Part of that also involved traveling to high school games with his beginning in elementary school with Jerome picking him up after school to go with him.
“I remember picking him up from school and him helping us with the chains and down markers,” said Jerome. “He was very attentive to everything that was going on in the games and how they were called.”
The now Assistant Principal at Morrow High School in Clayton County, Tra served as a graduate assistant coach at Tulane and assistant on the high school level in New Orleans and the Atlanta area when he went to his father to see how to get in to calling games.
High School, Pee Wee and SIAC games were all part of the first year of learning all he could. He got into calling Southwestern Athletic Conference (SWAC) games in his second year before moving into Conference-USA in just his third year. Three years later he moved up to the Southeastern Conference (SEC) where he would call three SEC Championship games including his first in 2017 (second year) featuring Georgia and Auburn.

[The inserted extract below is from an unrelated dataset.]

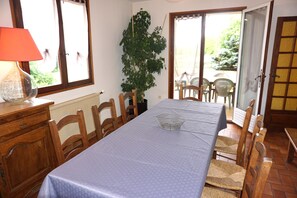 Ein Essbereich mit einem Tisch für vier Personen, Holzkstühle, einem Blumentopf und einem Fenster mit Vorhängen.
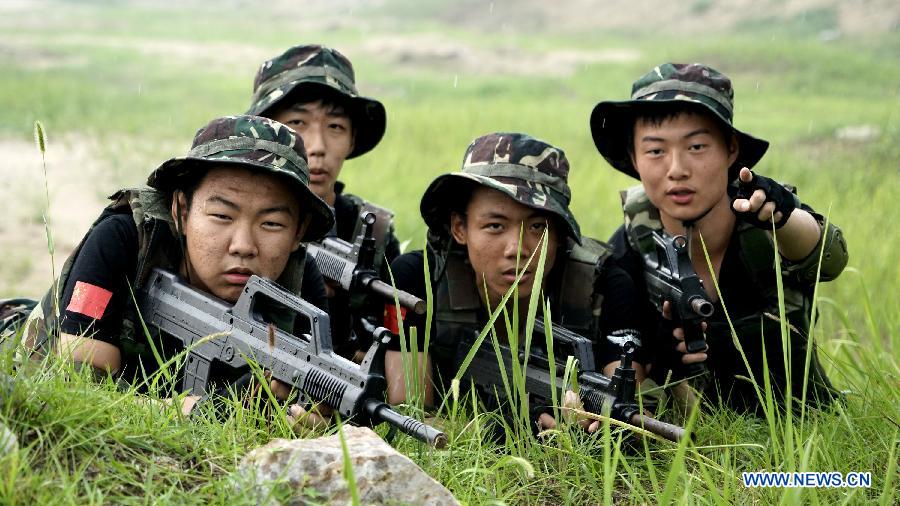Students participate in a military summer camp in Beijing, capital of China, July 29, 2015. The military summer camp for youths, located in the Daxing District of Beijing, has attracted more than 15,000 students from across the country since 2008, when it was opened. (Xinhua/Li Xin)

“Moving up involved a lot of hard work, including going to camps each offseason and building on the knowledge of the game,” said Tra. “I was also able to get to know coordinators from the different conferences who attended the camps.”
It was not a surprise to Jerome that Tra chose to go the officiating route after their discussions of the time you put in as a coach.

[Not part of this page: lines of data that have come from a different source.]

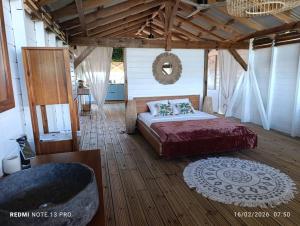 a bedroom with a bed and a tub in a room at Tootila in Sainte-Rose
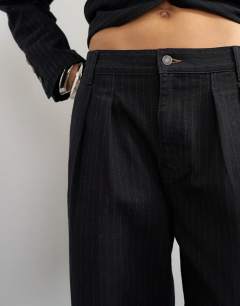 Model wearing X Cara wide leg pleated pinstripe denim co-ord trouser in indigo
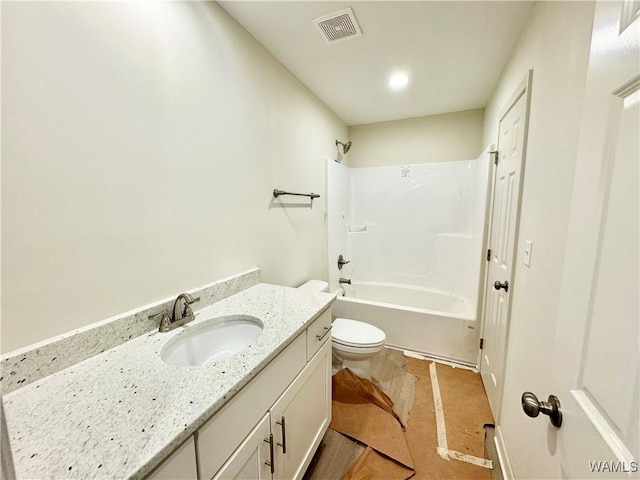 full bathroom with vanity, shower / bathtub combination, and toilet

“We discussed how much time it took being a coach from the long hours every day and how as an official even though you study game film and evaluate yourself you get more down time,” said Jerome. “He put in a lot of hard work at the camps and calling games just like I did. I knew he might join me in the NFL one day.

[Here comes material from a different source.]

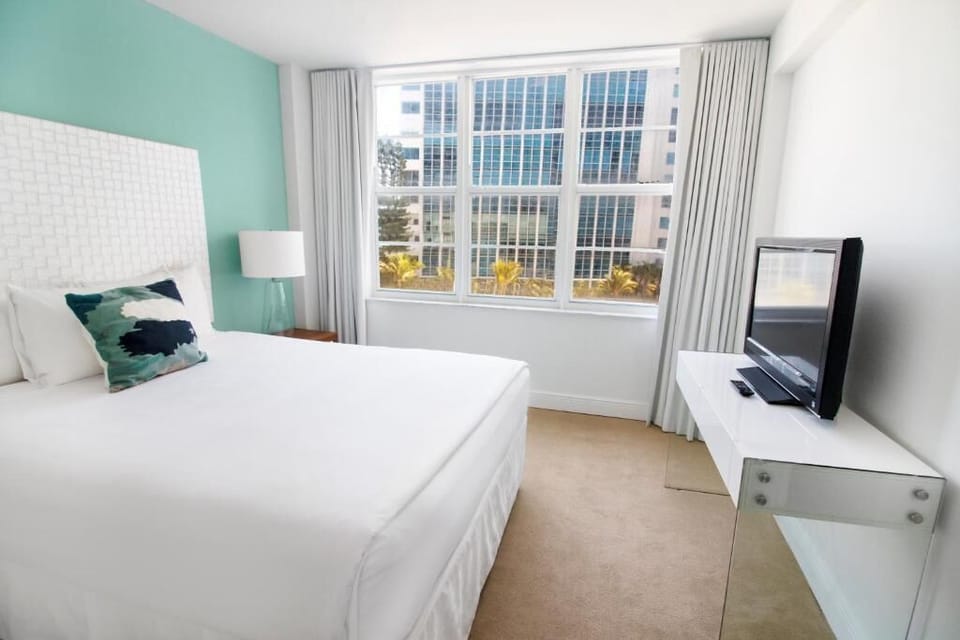 Wake up to daylight pouring through oversized city-view windows.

One of the key points in the process for Tra was getting to call a Division II playoff game.
“Getting to call that game kind of flipped a switch for me and let me know how fortunate I am to be here,” said Tra. “It was kind of my spark to empower me and springboard into calling games in Conference-USA.”
Tra credits his high school football coach, the legendary Buck Godfrey, for helping him develop a thick skin to ignore the yelling a person receives at being a referee.
“What I hear on the field is nothing like messing up in practice or a game and hearing it from Coach Godfrey,” laughed Tra. “He really helped prepare me for life after football as he did with so many of us who played for him.”
Godfrey has a lot of respect for his former player and the family unit as a whole, “His family worked well together. His Dad, Jerome, was one of the most respected referees when I was coaching. You always knew you had a level playing field when he and his crew were calling games.”
“Tra was a heck of a football player,” continued Godfrey. “He was a winner and I know he has trained for this and has the presence to do an excellent job. His father was a hero to him, and he followed his lead. I am incredibly happy for him.”
Tra sees much of his role as a referee carrying over into other aspects of life including talking to kids at his school and being prepared for what life might throw at you.
“Being a referee comes down to not being about me, but the integrity of the game,” said Tra.
The NFL does not like to disclose who is calling any game due to various safety reasons but Boger debuts on an NFL field on August 13th in a preseason game and the final week of the preseason he and his dad will get to call a game together before the regular season begins in September.
Both are looking forward to the third week of the preseason when they get to step on the field together.
“Tra doing this on his own without me trying to force him or prod him into doing it is something that makes you proud as a parent,” said Jerome. “It is a good feeling and really takes me back full circle to the time of him as an elementary student going to the games with me. And now we get to work together in the NFL.”